January 21, 2009 at 1:32 PM  

Well, then; we're in the same boat; I'm sick of all the Obama stuff at the moment. Let's get on with the promise fulfilling already JKJK. :)

I would get your money back and then go complain to whomever about the teacher not following the syllabus. Seriously; you know that it's not about you; she's an idiot. I'm sorry that you couldn't see it that way at the time, and I hope you feel better about it now. But anyway, WE're the only people whose opinions
about your writing count, right?

I popped by tonight(on a school night!) because your comment on my blog really cracked me up. You're a sweetheart. Hang in there, Friend.

January 21, 2009 at 7:25 PM  

Crap professors are a monumental waste of time. The good ones change lives. We need many more of the latter and far fewer of the former.

January 22, 2009 at 6:53 AM  

Redesigning a webpage!?! Augh. As an writing teacher at the community college here, that makes me want to scream. Take a poetry class, not an essay class. Or take creative non-fiction. Your writing is wonderful.

January 23, 2009 at 4:45 AM  

I love your writing. I hope you don't give up because of this horrid, horrible teacher. There are many great teachers out there and you will find one. (I attended a grad school not-so-lovingly dubbed "Sub-standard State College" by a classmate of mine. Oh, the crappy professors we suffered!)

Also, I have totally had that day. Mine didn't involve a chainsaw, but that day, where everything is wrong? I have too many of those lately. I feel that pain and it helps me to know I'm not the only one. Hope it helps you to hear it, too.

January 23, 2009 at 2:16 PM  

I took a college class once (at $200) that was supposed to be a Mac class (this was in the late 80s) and it basically turned out to be "how to turn it on and use MacPaint" or something equally moronic, and I HAD to take the class to get my graphic design certificate, which sucked as it was worthless.

Also, I have cut through the cord with an electric chainsaw before. You're not the only one. I'm lucky I didn't freaking electrocute myself.

Really. Once I almost poked out my eye with a 3 inch spike on a mesquite tree, narrowly missing my eye and instead stabbing myself in the middle of the forehead with it. And quitting then and there. I'm iinept with any kind of outdoor physical work. So while I know you're upsettedness hinged upon that, and was just tipped by it, you can take that off your list as there are others out there as completely unprepared to handle that sort of thing.

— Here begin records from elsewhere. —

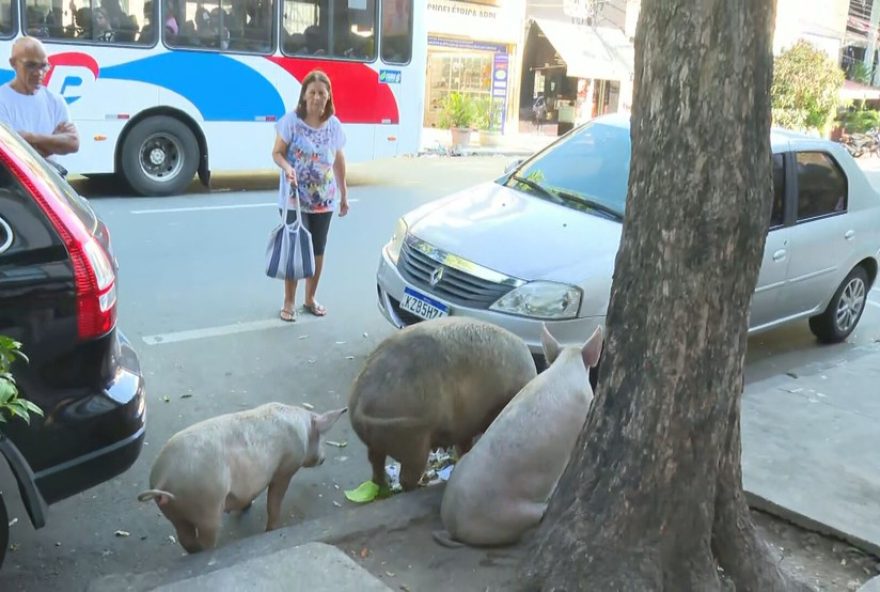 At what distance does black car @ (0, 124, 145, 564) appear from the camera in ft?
9.73

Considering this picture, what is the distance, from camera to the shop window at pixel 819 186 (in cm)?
644

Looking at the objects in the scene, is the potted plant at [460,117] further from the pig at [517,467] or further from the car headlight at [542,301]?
the pig at [517,467]

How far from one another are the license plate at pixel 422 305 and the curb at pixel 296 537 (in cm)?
146

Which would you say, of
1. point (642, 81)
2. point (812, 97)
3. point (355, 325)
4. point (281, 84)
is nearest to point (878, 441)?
point (642, 81)

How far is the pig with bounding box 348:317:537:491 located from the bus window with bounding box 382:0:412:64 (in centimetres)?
1023

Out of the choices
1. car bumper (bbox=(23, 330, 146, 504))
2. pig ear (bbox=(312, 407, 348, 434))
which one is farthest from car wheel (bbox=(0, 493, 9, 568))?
pig ear (bbox=(312, 407, 348, 434))

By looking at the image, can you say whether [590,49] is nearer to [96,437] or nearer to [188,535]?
[188,535]

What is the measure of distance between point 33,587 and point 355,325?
11.9 ft

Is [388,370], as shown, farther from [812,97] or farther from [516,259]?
[812,97]

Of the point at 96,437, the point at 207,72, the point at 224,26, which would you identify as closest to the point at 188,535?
the point at 96,437

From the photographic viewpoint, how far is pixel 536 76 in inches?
1152

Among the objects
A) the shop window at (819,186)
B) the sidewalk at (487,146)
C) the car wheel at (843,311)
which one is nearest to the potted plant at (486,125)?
the sidewalk at (487,146)

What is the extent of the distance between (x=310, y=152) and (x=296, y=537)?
144 inches

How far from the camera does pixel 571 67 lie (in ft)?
86.5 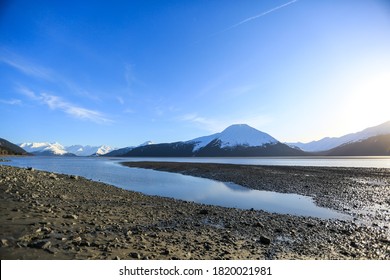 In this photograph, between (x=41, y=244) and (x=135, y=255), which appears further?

I hope you're feeling better. You really seem to have a lot on your plate lately, emotionally.

January 23, 2009 at 2:18 PM  

Also, apparently today I can't spell or punctuate correctly, so add that to my list.

January 23, 2009 at 2:19 PM  

i agree with all the professor comments. that's my job. unfortunately, the world of composition specialists is filled the confused and self-absorbed. there are great ones out there. sometimes it's good to suffer through and make it a game--study and note the unusual professor game. and great writing, by the way.

January 28, 2009 at 2:16 PM  

ok, Little sister, you won't fool a one of us, you know you are the shit. You know you could teach the class, you want imput, you want real world writing partners, people who can take a hard question, people who can throw the hard questions out there. You are such a perfectionist. So here is what I suggest. Hang a flyer in the local independent bookstore looking for writer's with which to share, or even better, grab students who are of the same ilk. You lead. Start your own writing group.

Your in that mom zone where you feel lost, looking for you when you are right there. Stop looking elsewhere baby. You are it, you are the shit.